Il 28 Novembre del 2021 Wissem Ben Abdel Latif muore nel reparto psichiatrico dell’ ospedale San Camillo di Roma, legato in contenzione in un letto sovrannumerario in corridoio
Wissem è stato sottoposto ad una terapia farmacologia estremamente pesante, senza mai incontrare nemmeno un mediatore che lo aiutasse a interloquire col personale medico e infermieristico.
Era arrivato a Lampedusa il 2 Ottobre dello stesso anno e dopo alcuni giorni sopra le navi quarantena era stato trasferito al CPR di ponte Galeria. Wissem documenta quanto sta accadendo attraverso un telefonino fino al 14 ottobre, poi il silenzio fino al 3 Dicembre, giorno in cui si verrà a sapere della sua morte. In quello stesso giorno ne verrà informata la famiglia che nomina come avvocato difensore Francesco Romeo. Inizia il travagliato percorso che ha portato in questi mesi all’apertura delle indagini contro 4 persone per omicidio colposo e falso in atto pubblico, ma siamo ancora lontani da Verità e Giustizia per un giovane che fin dal suo arrivo non ha mai avuto accesso ai suoi diritti: il diritto a chiedere protezione internazionale fin dal suo arrivo, il diritto alla cura ed il diritto ad essere liberato. Il 26 Novembre 2021, un giudice di Siracusa ne ordinò la liberazione in una sentenza: Wissem era pesantemente sedato e contenuto e non ricevette mai questa notizia
Nel marzo del 2022 si costituisce un Comitato di Verità e Giustizia per Wissem.

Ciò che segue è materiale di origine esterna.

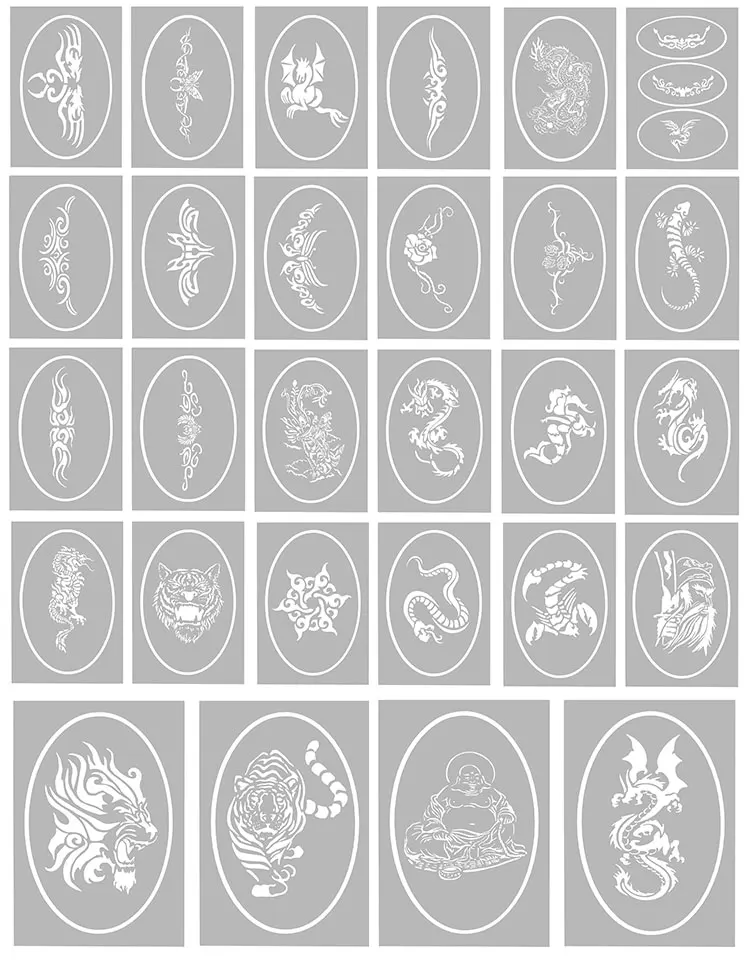 OPHIR 30 Patterns Reusable Booklet Set Airbrush Temporary Tattoo Stencil Body Art Designs Template STE5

Chi era Wissem ed il percorso che come lui in tanti giovani tunisini decidono di intraprendere lo racconta Giulia Beatrice Filpi che ha incontrato in Tunisia la madre Henda e Rania in un’intervista in un articolo su Napoli Monitor: le persone giovani che incontro in Tunisia hanno tutte un desiderio bruciante di viaggiare. Di sfidare il regime elefantiaco di visti, burocrazia e restrizioni che li separa dal mondo e limita pesantemente la loro libertà di circolazione. Questo era anche il desiderio di Wissem, «da quando era ragazzino voleva lavorare all’estero, conoscere altri paesi», spiega sua madre.

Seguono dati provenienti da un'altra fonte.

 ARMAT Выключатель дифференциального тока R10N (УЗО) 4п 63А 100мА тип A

Wissem amava le belle moto, il rap, Bob Marley. La sua passione era il calcio, il suo cuore batteva per il Club Africain, una delle due principali squadre della Tunisia, quella più popolare. Stava bene, non aveva nessuna traccia di quel “disturbo schizo-affettivo” che invece gli viene diagnosticato con una sola visita l’8 novembre nel Cpr di Ponte Galeria.
Per i familiari l’attesa di risultati tangibili diventa ogni giorno più difficile. Si sentono dimenticati da media e istituzioni italiani, dicono, per non parlare di quelli tunisini. A Henda è stato sconsigliato di continuare a lavorare, in ragione della sua condizione psicologica. Con il padre di Wissem, che incontro di sfuggita, non parlo, ma parlano per lui i suoi occhi stanchi e forse rassegnati.
Rania e Henda si dicono pronte, comunque, a intervenire in dibattiti e incontri, a conoscere attivisti, ad andare in Italia, se necessario a sensibilizzare sulla storia di Wissem. L’importante, dicono, e che la ricerca di verità e giustizia faccia concreti passi in avanti. «Per Wissem, e perché la sua storia non si ripeta.
Wissem aveva un sogno, come ogni giovane del mondo voleva vivere e viaggiare per un futuro migliore. Il nostro Paese e le frontiere che caratterizzano il sistema Europa hanno ucciso l’uomo ed il sogno.
In ricordo di Wissem, combattente di frontiera, e per ribadire l’impegno della famiglia e di noi tutti ancora una volta, il 28 Novembre saremo di fronte al cancelli del San Camillo in flashmob dalle 18 alle 19.
Comitato verità e Giustizia per Wissem.